No, Edilio Rusconi con le antenne e i segnali non ci prendeva. Era un uomo legato all’inchiostro e alla carta. «Dormiva poco di notte: leggeva, lavorava, e al mattino faceva trovare sulle scrivanie dei giornalisti, me compreso, dei biglietti con le varie cose da fare: “verificare questo”, “cambiare quest’altro”, “ho letto il suo articolo: non è abbastanza commovente, riscriverlo”... cose così». I biglietti scritti a mano sui fogli da bozze... Edilio Rusconi era un tradizionalista (anche in politica: «tutti lo definivano un uomo di destra ma mio padre era cattolico e anticomunista. Solo che negli anni ’70 chi non era di sinistra era automaticamente fascista: un marchio che sopportava con dignità»), un galantuomo («Non criticava mai nessuno, non giudicava»), superstizioso («Oddio, se poteva evitare una riunione di venerdì 17 la evitava...»), abitudinario («Non usciva quasi mai a pranzo o a cena. Era casalingo con orari da giornalista di una volta»). E soprattutto uno che aveva nel sangue «la voglia di fare», da buon milanese. «Era milanese puro, per lui questa città era tutto. A parte le rose che coltivava sul terrazzo, l’unico divertimento era il lavoro. Niente vacanze, viaggi solo per lavoro. Ha sempre vissuto qui, dopo la guerra in piazza Gorini, poi alla Casa dei giornalisti, quindi in piazza Repubblica e infine a Porta Venezia. L’ha girata tutta, Milano».

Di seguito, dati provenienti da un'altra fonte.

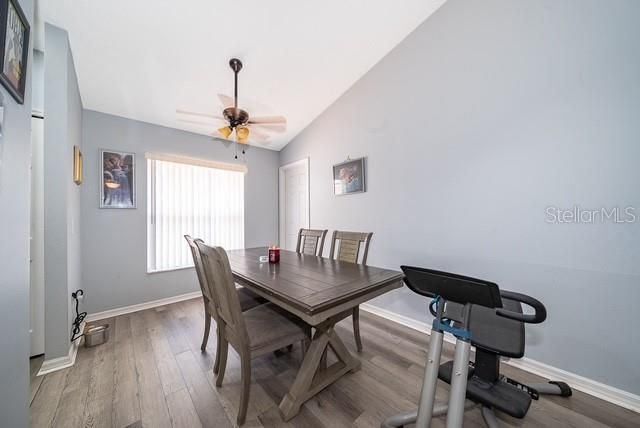 Под контрактом: $319,999 (3 спален, 2 ванн, 1403 Квадратных фут)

Passando da via Vitruvio, dove nacque la casa editrice, e dopo da viale Sarca, il suo quartier generale, dove - narra la leggenda - l’antivigilia di Natale, ogni anno, c’era la salita all’undicesimo piano di tutti i redattori, caporedattori e direttori di testata per il bacio della pantofola al Presidente. Che da biundin, alla fine, era diventato cumenda.